Rob Clark sent this trig joke over. It makes me wish Bill Cosby was my math teacher. Just look at that face!
Thanks, Rob.
I just dropped my first single, as my students would say. Check me out. I think with a little auto tune I might be taking over the top 40.

I was presenting at Post’s Shaping the Future Conference last Friday. Post held the conference at the Mattatuck Museum in downtown Waterbury. I had no idea the museum had so many works by Sol LeWittt there. It was sometimes tough to concentrate on online education. Here is a snap of one of the sculptures. It reminded me of one my posts just a few weeks back.

I came across the Miura Fold on Lifehacker. It basically allows one to fold/unfold something with a single motion. The easiest way to think about the value of the Miura fold is in terms of a map. I can’t count the number of maps I’ve screwed up by not folding it back up the right way. Unfortunately it’s fairly hard to learn the fold. I have to build up those origami skills.
Instant reblog. God, I love xkcd! I’ve never been a bumper sticker guy, but this might just turn me.

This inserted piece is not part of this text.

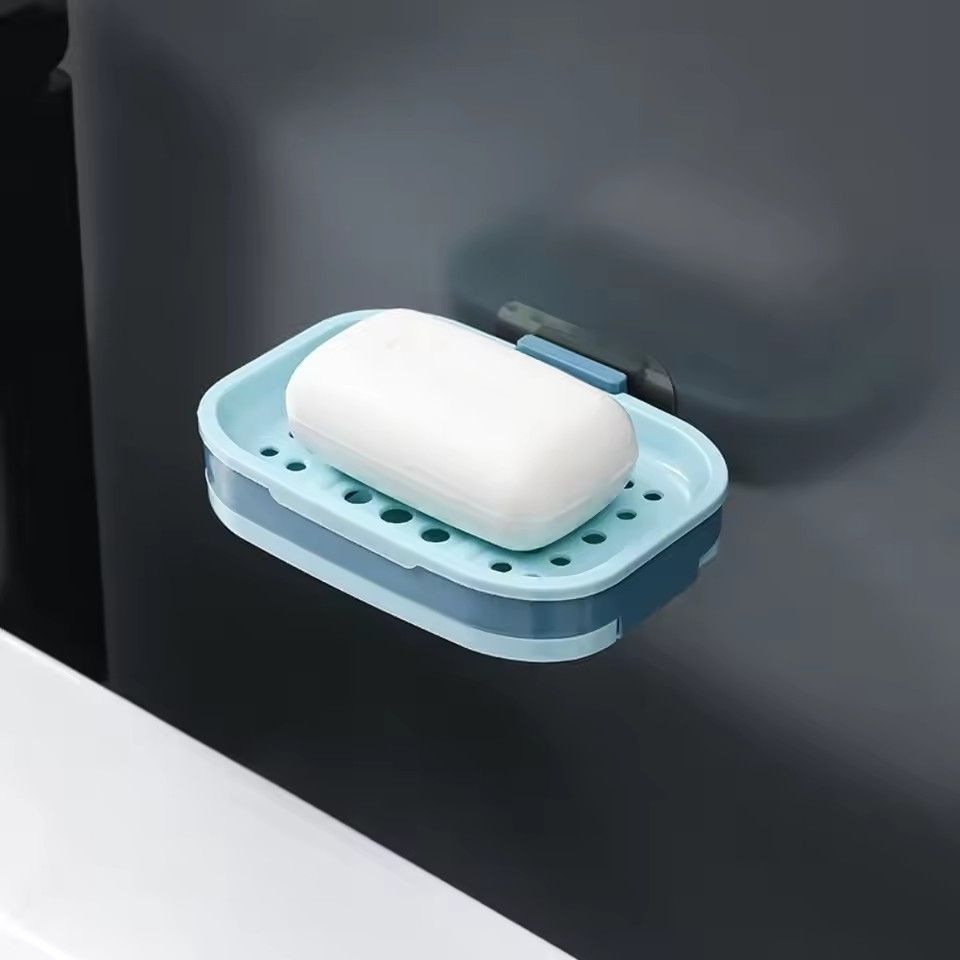 Strong Suction Soap Dish Holder Bathroom Shower Bath Net Drain Case Tray Box /.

The dice post of few weeks ago, reminded me of the Sicherman dice that Jay told me about a while ago. Sicherman dice are six-sided like our normal dice. If you roll our normal dice and add the two numbers together, some numbers occur often (7 is the most common) and some numbers occur rarely like 2. The question the Sicherman dice answers is is there anyway other way (besides our normal way) to label two dice with positive numbers and get the same frequency of 7’s, 2’s, 6’s….when we roll them. Pretty cool and you can actually buy them. Perfect for that stat-head in your life.